Rinteln (ur).
Es steht auf der ersten Seite unserer Zeitung: Aus der Nachbarstadt Hameln wurde ein 68-Jähriger als erstes Kälteopfer gemeldet, am Morgen im Freien leblos aufgefunden durch einen Zeitungszusteller. Tod durch Erfrieren - was aus Russland und Polen dieser Tage fast täglich und in bestürzenden Fallzahlen zu erfahren ist, scheint damit auch bei uns möglich.
Grund genug, bei der Stadt Rinteln nachzufragen, ob und wie man sich hier auf die angekündigte Kältewelle eingestellt hat und welche Möglichkeiten für Obdachlose oder auch bedürftige Wohnungsinhaber bereit stehen.
"Die Zuständigkeit für bedürftige Rintelner mit festem Wohnsitz liegt erst einmal beim Job-Center, dass ja die wesentlichen Aufgaben des Sozialamts übernommen hat.
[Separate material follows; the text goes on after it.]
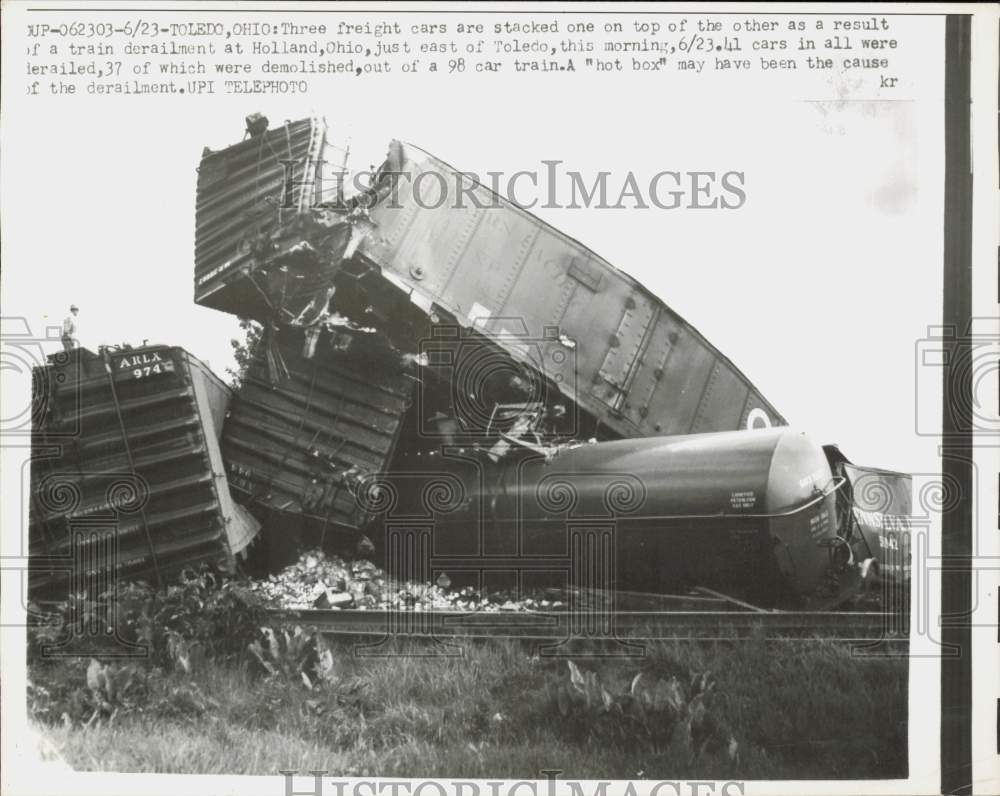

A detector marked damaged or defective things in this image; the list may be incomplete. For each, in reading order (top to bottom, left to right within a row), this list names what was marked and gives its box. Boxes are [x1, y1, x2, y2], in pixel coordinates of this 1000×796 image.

Wer also kein Geld zum Heizen mehr hat oder wer von einer Sperrung des Gas- und Stromanschlusses durch die Stadtwerke betroffen ist, müsstealso erst einmal seine Ansprüche dort geltend machen", lautet dazu die Antwort von Stadtrat Jörg Schröder.
Das Sozialamt der Stadt Rinteln sei allenfalls noch zuständig für die 65-jährigen und Älteren sowie für Behinderte und anderweitig als arbeitsunfähig registrierte Mitbürger, die nicht mehr über das Job-Center geführt werden: "Da werden wir dann im Einzelfall um Lösungen bemüht sein."
Natürlich wollten wir vom Job-Center wissen, wie man dort im konkreten Fall reagiere, wenn Betroffene in der Kälteperiode Bedarf für Brennstoffe oder zusätzliche Heizkosten anmelden: Trotz mehrfacher Telefonate konnten wir leider keinen Ansprechpartner erreichen - ein Problem, das damit offensichtlich auch die Menschen in konkreter Notsituation haben würden, falls sie versuchen, kurzfristig Hilfe zur Abwehr gegen einen solchen Kältenotstand zu organisieren.
Ein konkretes Angebot macht die Stadt Rinteln allerdingsüber das Ordnungsamt in der aktuellen Witterungslage - jedenfalls für "Durchreisende" und andere Obdachlosen: "Dafür stehen in der Saarbecker Straße in Strücken befristete Unterbringungsmöglichkeiten zur Verfügung", heißt es dazu von Schröder.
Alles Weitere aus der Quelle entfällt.